Ticket touting rules vary greatly around Europe, but in some countries the resale of tickets is indeed regulated, with either price caps, or rules that outright ban for-profit and/or unapproved touting.
Kid Rock was speaking before the Senate Commerce Committee yesterday at a session putting the spotlight on all things ticketing. Needless to say, the role and dominance of Live Nation and its Ticketmaster business, in both primary and secondary ticketing, was a big part of that conversation. And Live Nation’s EVP of Corporate And Regulatory Affairs, Dan Wall, also spoke.
Ticketmaster remained much more involved in secondary ticketing in the US market even after it shut down its standalone ticket resale sites in Europe back in 2018. However, despite that fact, Live Nation has still supported the introduction of more ticket touting regulation in the US in more recent years, even advocating for a resale price cap since 2024.
Wall reiterated that support for more resale regulation yesterday. He told senators that the ticket resale market “cries out for reform”, and “we need clear, legally enforceable rules that put the content creators - artists, teams, etc - in charge of what happens to the tickets to their events”. And those rules should be US-wide, he added, to end the current system where what the law says differs from state to state.
The Live Nation EVP also ran senators through the various ways that the live giant has tried to crackdown on bad conduct in the resale market, in particular by battling the bots touts use to buy up tickets to in-demand shows. And, unsurprisingly, Wall pushed back strongly against the lawsuit filed by the Federal Trade Commission last year that claims Live Nation has, in fact, colluded with the touts.

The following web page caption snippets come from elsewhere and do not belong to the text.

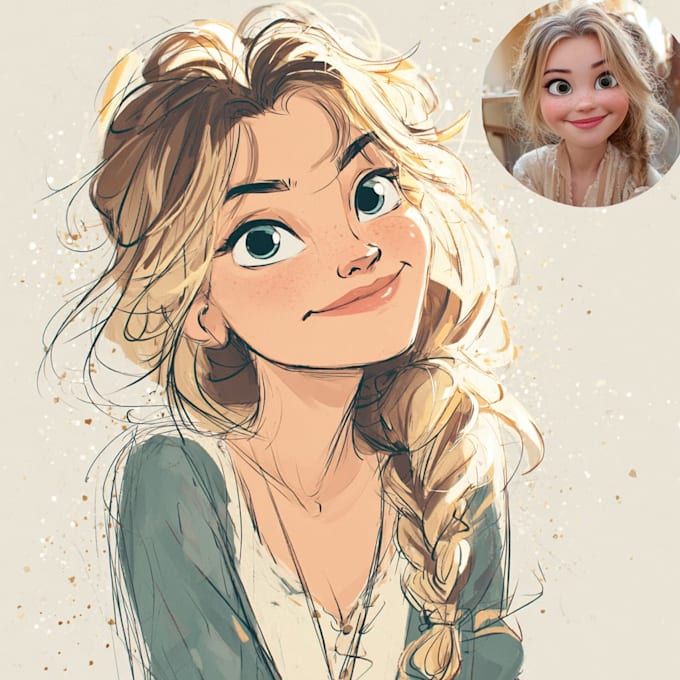 design cute disney cartoon portrait
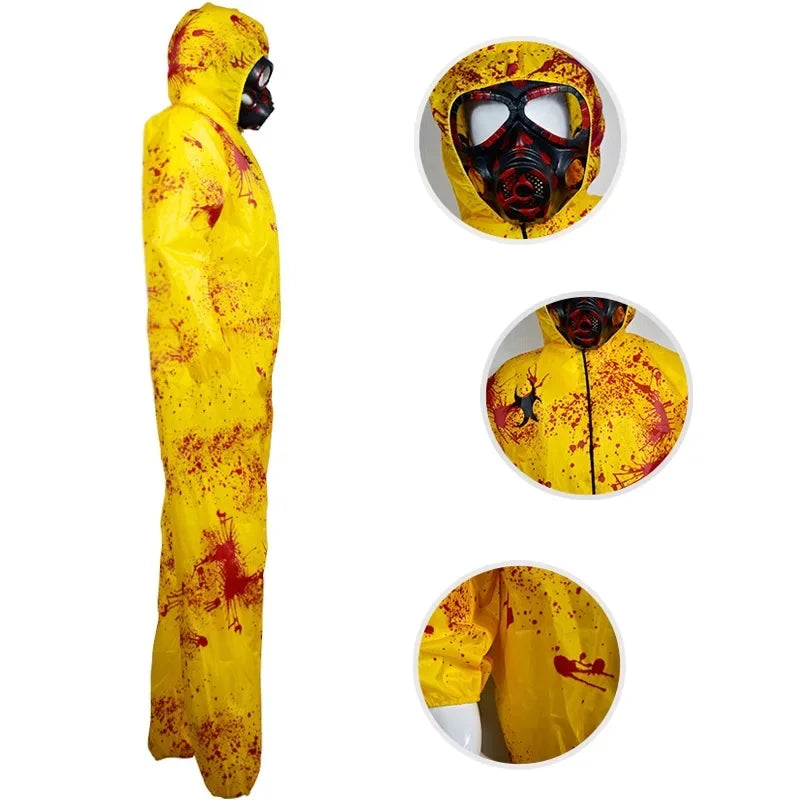 Costume hazmat vue de profil, masque à gaz et fermeture zippée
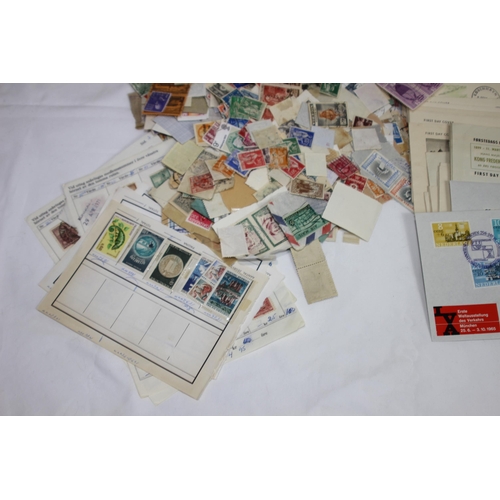 256 - BOX OF STAMPS AND FIRST DAY COVERS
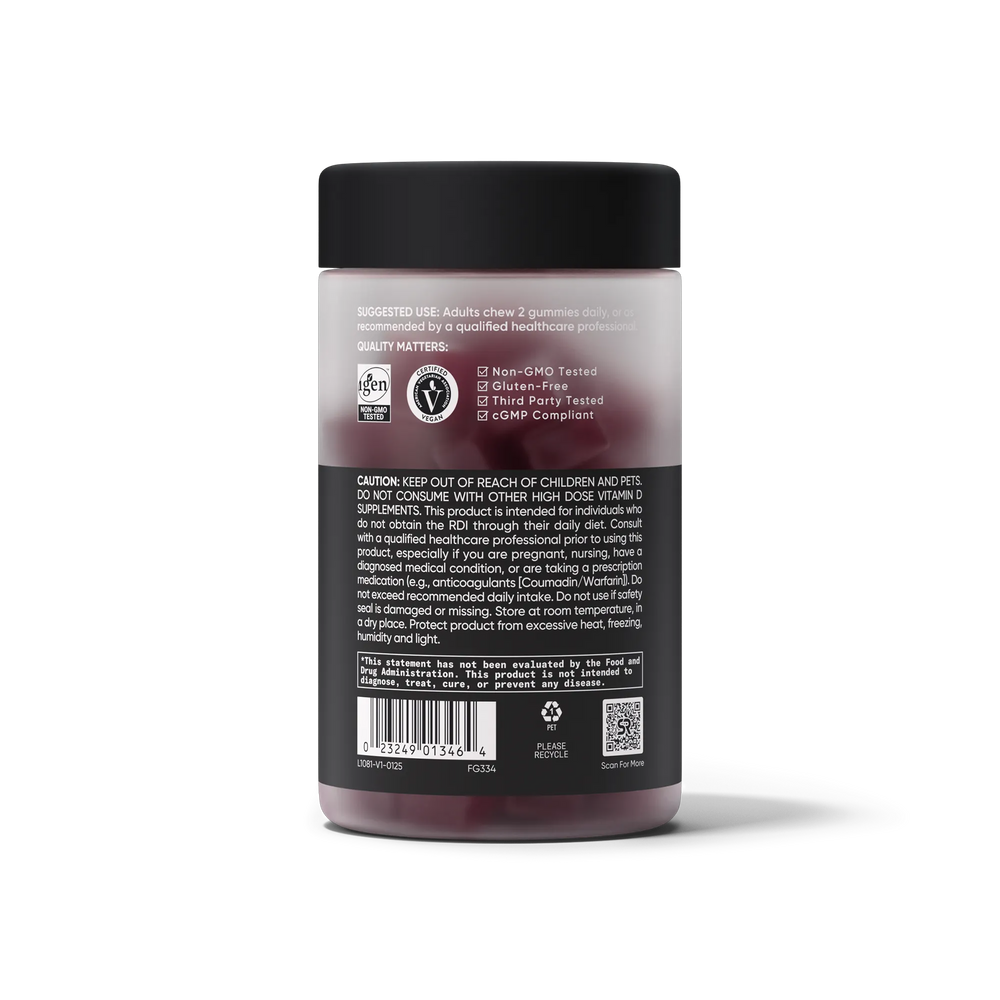 125 MCG D3 / 100 MCG K2 / 60 Gummies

But none of that stopped the live giant and its ticketing subsidiary from getting quite a bit of criticism during the Senate session, from both senators and industry representatives, and from Mr Kid Rock.
Although he acknowledged that Live Nation does now support a ticket resale price cap, the musician added, “Where I’m confused is, I don’t think Ticketmaster needs a law passed to do this?” Which is true. While UK lawmakers are only now planning on introducing a new law prohibiting for-profit resale, on Ticketmaster’s UK platform tickets can already only be resold at face value plus admin fee.
The fact that Live Nation supports a price cap in the US but hasn’t voluntarily put one in place on its own platform, Kid Rock added, “proves these companies have been reactive, not proactive”. Therefore Congress should introduce a new price-cap rule to which Live Nation can react.